= Recorded data =

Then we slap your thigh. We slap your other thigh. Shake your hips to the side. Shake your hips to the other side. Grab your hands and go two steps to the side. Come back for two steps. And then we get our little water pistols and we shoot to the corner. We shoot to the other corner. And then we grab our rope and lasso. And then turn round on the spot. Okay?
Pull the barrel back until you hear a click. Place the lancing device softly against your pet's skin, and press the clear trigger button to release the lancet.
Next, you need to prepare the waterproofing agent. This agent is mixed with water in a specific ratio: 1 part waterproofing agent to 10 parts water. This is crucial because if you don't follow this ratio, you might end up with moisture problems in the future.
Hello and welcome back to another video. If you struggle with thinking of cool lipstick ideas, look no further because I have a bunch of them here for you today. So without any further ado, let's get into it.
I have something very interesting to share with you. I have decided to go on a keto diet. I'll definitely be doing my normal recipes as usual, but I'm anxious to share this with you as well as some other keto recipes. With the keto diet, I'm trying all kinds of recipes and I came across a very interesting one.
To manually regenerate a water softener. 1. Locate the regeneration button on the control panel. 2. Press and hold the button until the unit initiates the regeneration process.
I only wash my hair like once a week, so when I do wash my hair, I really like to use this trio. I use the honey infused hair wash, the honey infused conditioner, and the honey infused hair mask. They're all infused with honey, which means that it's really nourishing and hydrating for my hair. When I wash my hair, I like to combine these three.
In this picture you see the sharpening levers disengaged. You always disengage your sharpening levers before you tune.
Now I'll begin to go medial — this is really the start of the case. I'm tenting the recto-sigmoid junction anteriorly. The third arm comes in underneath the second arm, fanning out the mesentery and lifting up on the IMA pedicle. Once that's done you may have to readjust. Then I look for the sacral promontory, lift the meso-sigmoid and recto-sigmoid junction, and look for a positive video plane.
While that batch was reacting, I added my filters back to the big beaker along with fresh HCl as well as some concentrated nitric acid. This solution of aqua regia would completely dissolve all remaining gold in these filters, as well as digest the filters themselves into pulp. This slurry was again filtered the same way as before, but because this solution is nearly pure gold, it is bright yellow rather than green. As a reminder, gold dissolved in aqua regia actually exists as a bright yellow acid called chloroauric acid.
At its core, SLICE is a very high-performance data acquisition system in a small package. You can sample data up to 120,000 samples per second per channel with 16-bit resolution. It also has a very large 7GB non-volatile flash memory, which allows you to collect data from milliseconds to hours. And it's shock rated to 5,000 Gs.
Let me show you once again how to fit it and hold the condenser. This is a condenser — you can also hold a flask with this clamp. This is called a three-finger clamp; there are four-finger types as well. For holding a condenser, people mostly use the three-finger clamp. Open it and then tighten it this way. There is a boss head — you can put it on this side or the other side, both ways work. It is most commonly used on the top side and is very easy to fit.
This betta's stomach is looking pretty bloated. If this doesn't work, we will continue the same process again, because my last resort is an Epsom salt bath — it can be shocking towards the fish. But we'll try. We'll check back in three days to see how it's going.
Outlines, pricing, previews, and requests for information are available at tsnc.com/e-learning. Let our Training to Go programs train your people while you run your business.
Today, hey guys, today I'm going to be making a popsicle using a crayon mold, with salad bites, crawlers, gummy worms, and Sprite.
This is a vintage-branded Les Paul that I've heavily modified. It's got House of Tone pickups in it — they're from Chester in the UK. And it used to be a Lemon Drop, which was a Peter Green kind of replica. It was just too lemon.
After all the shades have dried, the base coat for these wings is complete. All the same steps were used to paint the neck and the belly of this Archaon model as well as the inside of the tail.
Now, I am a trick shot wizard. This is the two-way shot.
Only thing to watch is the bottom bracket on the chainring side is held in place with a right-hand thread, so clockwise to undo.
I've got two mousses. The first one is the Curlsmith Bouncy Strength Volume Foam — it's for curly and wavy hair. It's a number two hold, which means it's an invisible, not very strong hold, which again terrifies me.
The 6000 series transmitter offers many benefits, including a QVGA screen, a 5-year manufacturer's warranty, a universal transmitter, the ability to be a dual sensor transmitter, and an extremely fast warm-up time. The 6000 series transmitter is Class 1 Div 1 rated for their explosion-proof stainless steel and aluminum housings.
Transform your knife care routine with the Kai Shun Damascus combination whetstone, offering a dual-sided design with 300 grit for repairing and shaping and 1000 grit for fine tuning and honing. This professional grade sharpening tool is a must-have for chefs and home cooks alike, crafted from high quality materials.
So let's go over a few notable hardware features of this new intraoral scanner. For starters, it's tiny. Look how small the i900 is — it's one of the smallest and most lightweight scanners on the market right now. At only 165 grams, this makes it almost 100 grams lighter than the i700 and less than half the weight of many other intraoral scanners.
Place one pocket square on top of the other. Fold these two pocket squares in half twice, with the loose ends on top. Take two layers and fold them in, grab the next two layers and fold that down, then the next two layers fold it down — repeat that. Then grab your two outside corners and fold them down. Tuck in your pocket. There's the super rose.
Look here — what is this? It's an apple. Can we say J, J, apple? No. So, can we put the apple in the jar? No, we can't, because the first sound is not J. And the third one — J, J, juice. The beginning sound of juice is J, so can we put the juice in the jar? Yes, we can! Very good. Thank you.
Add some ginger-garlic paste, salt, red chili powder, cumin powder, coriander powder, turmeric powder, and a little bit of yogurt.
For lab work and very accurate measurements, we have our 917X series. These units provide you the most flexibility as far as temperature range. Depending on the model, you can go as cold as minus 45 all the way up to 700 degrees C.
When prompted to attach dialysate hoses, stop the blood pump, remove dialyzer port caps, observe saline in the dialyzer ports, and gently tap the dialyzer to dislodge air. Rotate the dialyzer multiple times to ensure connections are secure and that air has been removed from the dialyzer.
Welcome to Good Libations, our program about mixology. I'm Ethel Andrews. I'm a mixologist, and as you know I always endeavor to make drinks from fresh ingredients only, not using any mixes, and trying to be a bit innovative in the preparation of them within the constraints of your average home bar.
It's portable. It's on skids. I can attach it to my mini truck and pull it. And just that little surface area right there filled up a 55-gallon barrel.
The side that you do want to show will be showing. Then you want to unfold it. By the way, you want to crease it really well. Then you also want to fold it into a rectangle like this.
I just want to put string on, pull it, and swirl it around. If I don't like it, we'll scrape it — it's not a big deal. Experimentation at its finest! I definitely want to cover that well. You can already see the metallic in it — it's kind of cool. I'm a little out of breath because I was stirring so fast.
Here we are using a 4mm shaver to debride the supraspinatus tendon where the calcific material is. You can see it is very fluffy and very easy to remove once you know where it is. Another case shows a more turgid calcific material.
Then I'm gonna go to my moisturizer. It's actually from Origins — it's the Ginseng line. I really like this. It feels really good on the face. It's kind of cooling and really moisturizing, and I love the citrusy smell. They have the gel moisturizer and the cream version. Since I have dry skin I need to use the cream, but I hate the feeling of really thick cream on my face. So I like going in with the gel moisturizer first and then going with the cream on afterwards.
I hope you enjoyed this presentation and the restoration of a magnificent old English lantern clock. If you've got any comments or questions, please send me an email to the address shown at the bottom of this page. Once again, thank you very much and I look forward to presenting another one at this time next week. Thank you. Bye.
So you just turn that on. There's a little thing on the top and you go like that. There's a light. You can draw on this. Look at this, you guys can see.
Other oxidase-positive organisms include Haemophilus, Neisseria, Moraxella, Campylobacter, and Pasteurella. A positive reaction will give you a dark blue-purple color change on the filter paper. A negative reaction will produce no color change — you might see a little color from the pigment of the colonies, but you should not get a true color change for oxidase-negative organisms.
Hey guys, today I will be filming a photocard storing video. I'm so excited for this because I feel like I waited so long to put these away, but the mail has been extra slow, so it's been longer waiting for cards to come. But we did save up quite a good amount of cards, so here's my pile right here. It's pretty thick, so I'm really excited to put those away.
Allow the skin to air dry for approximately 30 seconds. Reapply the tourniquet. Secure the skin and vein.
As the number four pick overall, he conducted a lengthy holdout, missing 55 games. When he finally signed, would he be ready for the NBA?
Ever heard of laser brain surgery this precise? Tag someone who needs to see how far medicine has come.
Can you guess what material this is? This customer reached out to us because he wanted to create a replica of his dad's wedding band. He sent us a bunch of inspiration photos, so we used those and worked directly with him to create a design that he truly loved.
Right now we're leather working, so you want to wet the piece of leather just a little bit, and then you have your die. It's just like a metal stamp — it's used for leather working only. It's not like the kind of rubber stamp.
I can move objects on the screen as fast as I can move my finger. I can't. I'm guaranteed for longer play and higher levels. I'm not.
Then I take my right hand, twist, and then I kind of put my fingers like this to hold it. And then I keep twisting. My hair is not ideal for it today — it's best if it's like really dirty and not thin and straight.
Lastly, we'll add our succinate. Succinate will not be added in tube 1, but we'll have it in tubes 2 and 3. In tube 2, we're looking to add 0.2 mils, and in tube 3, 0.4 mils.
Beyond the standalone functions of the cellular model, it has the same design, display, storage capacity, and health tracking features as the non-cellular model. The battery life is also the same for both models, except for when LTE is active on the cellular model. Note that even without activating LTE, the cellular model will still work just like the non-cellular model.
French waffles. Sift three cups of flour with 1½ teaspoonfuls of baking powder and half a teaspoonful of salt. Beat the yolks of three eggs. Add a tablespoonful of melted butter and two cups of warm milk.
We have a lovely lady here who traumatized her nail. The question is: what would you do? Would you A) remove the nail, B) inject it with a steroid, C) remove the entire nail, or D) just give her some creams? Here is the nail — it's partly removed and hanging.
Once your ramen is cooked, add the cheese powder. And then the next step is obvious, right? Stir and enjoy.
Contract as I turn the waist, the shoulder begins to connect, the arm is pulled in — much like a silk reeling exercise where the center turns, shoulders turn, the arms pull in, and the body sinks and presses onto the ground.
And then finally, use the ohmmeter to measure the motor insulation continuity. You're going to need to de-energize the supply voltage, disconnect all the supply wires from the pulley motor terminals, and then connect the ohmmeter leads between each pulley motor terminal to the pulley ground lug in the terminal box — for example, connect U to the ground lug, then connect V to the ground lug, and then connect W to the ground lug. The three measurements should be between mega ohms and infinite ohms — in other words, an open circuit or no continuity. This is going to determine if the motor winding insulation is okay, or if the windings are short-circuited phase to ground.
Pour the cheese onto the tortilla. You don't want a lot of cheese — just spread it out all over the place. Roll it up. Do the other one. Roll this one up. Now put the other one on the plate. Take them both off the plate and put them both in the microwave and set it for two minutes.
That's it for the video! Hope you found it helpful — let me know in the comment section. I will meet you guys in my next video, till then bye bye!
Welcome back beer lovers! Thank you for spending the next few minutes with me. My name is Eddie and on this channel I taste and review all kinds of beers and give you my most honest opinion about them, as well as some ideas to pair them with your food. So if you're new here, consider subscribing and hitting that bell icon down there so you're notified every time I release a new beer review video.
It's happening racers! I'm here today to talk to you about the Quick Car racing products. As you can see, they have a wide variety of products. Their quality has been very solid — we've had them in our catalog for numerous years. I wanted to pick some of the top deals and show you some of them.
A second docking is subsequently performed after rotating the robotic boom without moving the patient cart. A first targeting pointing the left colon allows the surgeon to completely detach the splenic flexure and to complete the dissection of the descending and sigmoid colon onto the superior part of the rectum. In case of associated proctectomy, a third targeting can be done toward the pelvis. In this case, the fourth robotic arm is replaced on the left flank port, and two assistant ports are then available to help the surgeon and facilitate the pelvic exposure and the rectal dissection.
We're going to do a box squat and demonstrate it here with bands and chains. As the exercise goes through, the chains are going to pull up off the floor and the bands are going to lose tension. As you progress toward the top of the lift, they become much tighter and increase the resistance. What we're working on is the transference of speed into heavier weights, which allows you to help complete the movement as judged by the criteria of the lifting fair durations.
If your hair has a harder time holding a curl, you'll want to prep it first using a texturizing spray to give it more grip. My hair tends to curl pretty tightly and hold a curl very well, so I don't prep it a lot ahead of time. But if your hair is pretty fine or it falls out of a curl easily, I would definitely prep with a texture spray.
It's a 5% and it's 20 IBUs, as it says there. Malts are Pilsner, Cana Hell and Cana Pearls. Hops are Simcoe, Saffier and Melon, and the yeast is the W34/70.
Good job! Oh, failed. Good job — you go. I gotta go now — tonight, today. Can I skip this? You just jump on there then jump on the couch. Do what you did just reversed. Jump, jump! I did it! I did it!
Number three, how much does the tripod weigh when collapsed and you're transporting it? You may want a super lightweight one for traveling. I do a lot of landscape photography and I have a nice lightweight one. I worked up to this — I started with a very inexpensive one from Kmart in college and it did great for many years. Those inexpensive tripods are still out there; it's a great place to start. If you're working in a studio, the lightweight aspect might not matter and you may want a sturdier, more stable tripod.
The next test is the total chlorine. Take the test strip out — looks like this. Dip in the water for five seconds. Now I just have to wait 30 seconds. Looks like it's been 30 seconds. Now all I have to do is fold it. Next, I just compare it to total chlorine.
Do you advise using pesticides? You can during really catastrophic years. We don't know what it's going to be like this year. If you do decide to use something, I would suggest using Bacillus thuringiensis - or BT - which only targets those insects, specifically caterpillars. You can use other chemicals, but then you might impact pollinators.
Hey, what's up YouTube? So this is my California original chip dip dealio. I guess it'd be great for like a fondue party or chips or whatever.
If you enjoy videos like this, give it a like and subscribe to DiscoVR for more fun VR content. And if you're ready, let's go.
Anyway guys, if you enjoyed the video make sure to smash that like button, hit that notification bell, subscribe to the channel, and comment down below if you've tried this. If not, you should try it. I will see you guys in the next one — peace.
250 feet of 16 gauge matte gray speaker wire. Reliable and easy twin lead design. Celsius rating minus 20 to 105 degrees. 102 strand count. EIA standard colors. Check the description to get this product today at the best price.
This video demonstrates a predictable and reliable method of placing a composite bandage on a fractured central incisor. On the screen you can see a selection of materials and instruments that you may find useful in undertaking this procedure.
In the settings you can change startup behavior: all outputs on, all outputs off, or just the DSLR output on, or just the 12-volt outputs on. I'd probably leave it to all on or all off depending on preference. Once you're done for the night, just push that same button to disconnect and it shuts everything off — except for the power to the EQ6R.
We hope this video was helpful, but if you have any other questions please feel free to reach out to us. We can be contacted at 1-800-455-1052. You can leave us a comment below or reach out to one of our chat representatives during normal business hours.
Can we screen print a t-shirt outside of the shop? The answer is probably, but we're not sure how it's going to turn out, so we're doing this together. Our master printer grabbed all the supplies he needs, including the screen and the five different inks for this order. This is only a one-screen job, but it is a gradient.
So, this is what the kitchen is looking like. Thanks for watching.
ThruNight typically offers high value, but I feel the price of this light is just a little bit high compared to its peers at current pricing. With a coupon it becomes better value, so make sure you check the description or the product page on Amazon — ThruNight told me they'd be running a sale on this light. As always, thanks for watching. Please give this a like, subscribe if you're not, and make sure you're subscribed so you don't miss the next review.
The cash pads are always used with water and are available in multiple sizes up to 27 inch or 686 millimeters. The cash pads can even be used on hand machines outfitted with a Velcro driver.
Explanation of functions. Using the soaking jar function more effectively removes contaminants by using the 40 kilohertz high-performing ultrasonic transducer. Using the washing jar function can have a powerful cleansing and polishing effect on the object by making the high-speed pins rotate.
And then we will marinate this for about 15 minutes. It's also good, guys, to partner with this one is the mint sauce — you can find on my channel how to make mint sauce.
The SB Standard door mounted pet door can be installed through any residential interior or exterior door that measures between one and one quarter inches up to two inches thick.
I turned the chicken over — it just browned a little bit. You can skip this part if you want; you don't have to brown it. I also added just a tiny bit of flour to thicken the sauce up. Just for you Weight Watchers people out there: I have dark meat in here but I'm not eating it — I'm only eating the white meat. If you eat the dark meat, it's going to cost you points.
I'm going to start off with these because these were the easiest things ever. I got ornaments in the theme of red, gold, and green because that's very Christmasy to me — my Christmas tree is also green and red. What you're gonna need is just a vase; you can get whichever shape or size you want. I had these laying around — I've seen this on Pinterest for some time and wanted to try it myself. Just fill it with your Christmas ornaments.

= Instructions to follow =
Copy all lines from the material that hold "degrees".

= Finished exercise =
For lab work and very accurate measurements, we have our 917X series. These units provide you the most flexibility as far as temperature range. Depending on the model, you can go as cold as minus 45 all the way up to 700 degrees C.
250 feet of 16 gauge matte gray speaker wire. Reliable and easy twin lead design. Celsius rating minus 20 to 105 degrees. 102 strand count. EIA standard colors. Check the description to get this product today at the best price.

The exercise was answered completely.